A Month in Marrakesh
100 g
David Loftus

This spice blend is something that every visitor is cajoled into buying when wandering around the souks. In Morocco, it’s used in game dishes, bistillas and tagines such as mrouzia (lamb, raisins, almonds and honey). It also flavours majoun (hashish, dried nuts, fruits, smen and honey candy) or ‘love potion’ to give it it’s Arabic name, an indication of its purpose as a stimulant.

Ras el hanout translates as ‘head of the shop’, each spice merchant has his own special recipe of at least fifteen, and up to thirty, different spices that usually includes nutmeg, cardamom, mace, ginger, cloves, lavender, cayenne, orris root, cinnamon, cumin seeds, turmeric, aniseed, rosebuds, allspice, coriander seeds, white peppercorns, cubeb or Java pepper, fennel seeds, cassia bark, tara soudania (earth almonds), grains of paradise, nigella seeds, wild or black cardamom, ash berries and not to mention belladonna berries, reputed aphrodisiacs such as Spanish fly (cantharides beetle) and Vitex agnus-castus (monk’s pepper).
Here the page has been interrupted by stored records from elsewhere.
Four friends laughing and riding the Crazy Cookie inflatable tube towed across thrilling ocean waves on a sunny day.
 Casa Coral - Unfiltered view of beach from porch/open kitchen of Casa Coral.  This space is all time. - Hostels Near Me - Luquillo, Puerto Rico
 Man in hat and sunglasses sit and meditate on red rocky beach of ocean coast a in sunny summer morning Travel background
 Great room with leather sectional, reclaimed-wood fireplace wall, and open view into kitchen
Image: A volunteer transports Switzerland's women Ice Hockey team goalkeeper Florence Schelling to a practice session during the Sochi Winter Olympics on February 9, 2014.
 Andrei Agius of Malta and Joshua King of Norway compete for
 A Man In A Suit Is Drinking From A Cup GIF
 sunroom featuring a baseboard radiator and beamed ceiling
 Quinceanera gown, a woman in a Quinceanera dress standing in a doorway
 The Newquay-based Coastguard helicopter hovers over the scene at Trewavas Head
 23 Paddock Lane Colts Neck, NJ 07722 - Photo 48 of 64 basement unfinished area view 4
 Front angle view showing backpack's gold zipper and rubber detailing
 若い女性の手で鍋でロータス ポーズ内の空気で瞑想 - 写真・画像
The best mixes have an ethereal and lingering sensual flavour, so not much is needed to impart a potent taste to dishes.

It would be foolish to make your own version of this spice mix in Morocco as there are a great deal of merchants making excellent blends. However, as much of the commercial ras el hanout available in the UK is of dubious authenticity, give it a try. It’s hard to give a precise recipe as there are often so many hard–to– find ingredients used, experiment with what you have until you get the flavour you like.


Quantity Ingredient
8 rosebuds
6 cinnamon sticks
6 mace blades
2 tablespoons nutmeg
2 tablespoons turmeric
1 small piece orris root
1 tablespoon lavender
1 tablespoon coriander seeds
1 tablespoon cumin seeds
1 tablespoon fennel seeds
1 tablespoon white peppercorns
2 tablespoons allspice berries
10 cardamom pods
1 small piece galangal
1 small piece ginger
1/2 tablespoon cayenne
8 cloves


  1. Combine all the ingredients in a spice blender or food processor and blend to a fine powder. Transfer to a jar and seal tightly.